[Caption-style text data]
Segment Open

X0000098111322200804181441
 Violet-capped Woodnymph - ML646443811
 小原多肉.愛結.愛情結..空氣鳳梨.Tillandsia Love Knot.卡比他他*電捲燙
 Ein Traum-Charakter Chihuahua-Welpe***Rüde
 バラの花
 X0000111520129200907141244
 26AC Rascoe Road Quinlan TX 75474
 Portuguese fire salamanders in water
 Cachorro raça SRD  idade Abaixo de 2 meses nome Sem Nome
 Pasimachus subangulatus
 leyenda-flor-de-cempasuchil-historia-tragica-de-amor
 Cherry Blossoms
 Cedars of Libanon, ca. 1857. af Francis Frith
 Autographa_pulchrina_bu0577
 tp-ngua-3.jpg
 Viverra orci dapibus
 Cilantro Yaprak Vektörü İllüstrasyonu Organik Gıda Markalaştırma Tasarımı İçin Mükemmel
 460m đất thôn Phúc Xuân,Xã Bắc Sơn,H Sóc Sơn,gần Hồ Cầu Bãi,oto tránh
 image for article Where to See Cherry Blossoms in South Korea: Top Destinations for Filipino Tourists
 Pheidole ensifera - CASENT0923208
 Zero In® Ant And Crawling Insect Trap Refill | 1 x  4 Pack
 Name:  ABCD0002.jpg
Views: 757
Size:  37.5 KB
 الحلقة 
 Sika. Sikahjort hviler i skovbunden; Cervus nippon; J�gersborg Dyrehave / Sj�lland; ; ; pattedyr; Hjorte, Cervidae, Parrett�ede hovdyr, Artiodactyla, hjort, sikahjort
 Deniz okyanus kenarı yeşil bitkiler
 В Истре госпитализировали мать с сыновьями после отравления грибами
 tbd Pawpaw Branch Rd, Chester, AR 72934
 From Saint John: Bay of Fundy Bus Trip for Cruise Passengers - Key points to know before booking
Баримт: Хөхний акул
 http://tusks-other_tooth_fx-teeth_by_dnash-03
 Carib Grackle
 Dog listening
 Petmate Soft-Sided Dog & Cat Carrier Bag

Segment Closed

*WHAT YOU NEED TO DO*.
Return exactly what appears above, from the first line of the entries to the line with "tp-ngua-3.jpg", inclusive.

*ANSWER TO THIS EXERCISE*.
X0000098111322200804181441
 Violet-capped Woodnymph - ML646443811
 小原多肉.愛結.愛情結..空氣鳳梨.Tillandsia Love Knot.卡比他他*電捲燙
 Ein Traum-Charakter Chihuahua-Welpe***Rüde
 バラの花
 X0000111520129200907141244
 26AC Rascoe Road Quinlan TX 75474
 Portuguese fire salamanders in water
 Cachorro raça SRD  idade Abaixo de 2 meses nome Sem Nome
 Pasimachus subangulatus
 leyenda-flor-de-cempasuchil-historia-tragica-de-amor
 Cherry Blossoms
 Cedars of Libanon, ca. 1857. af Francis Frith
 Autographa_pulchrina_bu0577
 tp-ngua-3.jpg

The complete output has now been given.